Louis de Broglie proposed that particles such as electrons exhibit both particle and wave properties, which can be described by a wavelength.
This wavelength is known as the de Broglie wavelength, and it is extremely useful in electron microscopy.
To calculate the de Broglie wavelength (\(\lambda\)) of a particle, you use the equation \(\lambda = \frac{h}{p}\), where \(h\) is Planck's constant, and \(p\) is the momentum of the particle.

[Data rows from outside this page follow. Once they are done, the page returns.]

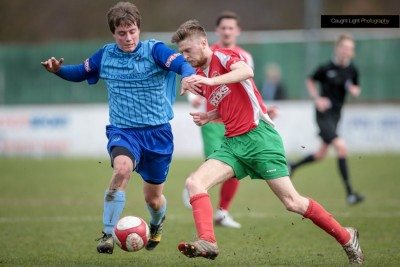 Action from Harrogate Railway 4-1 New Mills. Picture: Caught Light Photography 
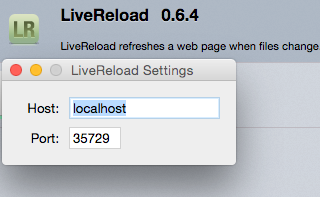 Livereload plugin preferences on FireFox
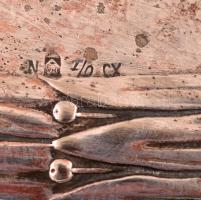 WMF ezüstözött alpakka kézi tükör, jelzett, foltos, 29×10,5 cm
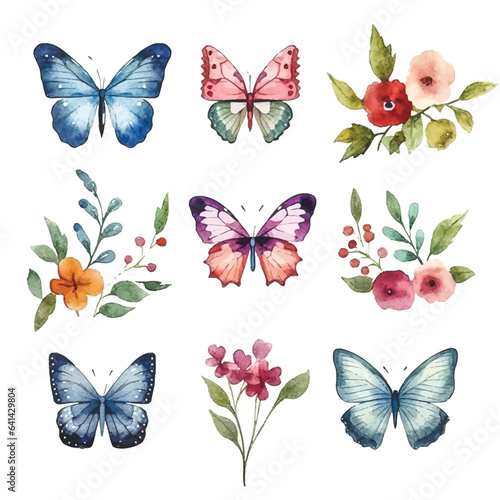 Vibrant Watercolor Butterflies: Colorful Set with White Backdrop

Momentum \(p\) is the product of mass (\(m\)) and velocity (\(v\)) of the particle.

• Momentum is given by \(p = mv\)
• Planck's constant is \(6.626 \times 10^{-34} \,\text{J}\cdot\text{s}\)

The de Broglie wavelength is particularly important when it comes to using electron microscopes.
Electrons with a smaller wavelength have higher resolution, allowing us to see extremely small details that are important for studying tiny objects like viruses.

photon energy

Photon energy is crucial when dealing with electromagnetic waves, such as light.
Photons, the basic unit of light, carry energy that can be determined using the wavelength of the light.
The energy \(E\) of a photon can be calculated using the formula \(E = \frac{hc}{\lambda}\).

• Here, \(h\) is the Planck's constant \(6.626 \times 10^{-34} \,\text{J}\cdot\text{s}\)
• \(c\) is the speed of light \(3.00 \times 10^8 \,\text{m/s}\)
• \(\lambda\) is the wavelength of the photon

When comparing photons with different wavelengths, shorter wavelengths result in higher photon energy.
This is especially important in imaging, where high-energy photons can damage delicate structures, like viruses, which is why alternative methods, such as electron matter waves, are sometimes preferred.

kinetic energy of electrons

The kinetic energy of electrons is another essential aspect when we study tiny objects using electron beams.
Unlike photons, electrons have mass, and their kinetic energy is directly related to their momentum and speed.
The kinetic energy (\(KE\)) of an electron can be determined from its momentum (\(p\)) using the relation \(KE = \frac{p^2}{2m}\), where \(m\) is the mass of the electron.

• Momentum can be expressed using the de Broglie relation: \(p = \frac{h}{\lambda}\)
• The mass of an electron is \(9.11 \times 10^{-31} \,\text{kg}\)

This formula shows that by knowing the wavelength \(\lambda\) of an electron, one can determine its kinetic energy.
A key point in electron microscopy is that electrons at the same wavelength as photons have dramatically lower kinetic energies.
This lowers the risk of damaging the sample while still providing a high-resolution image, crucial for delicate samples like microorganisms.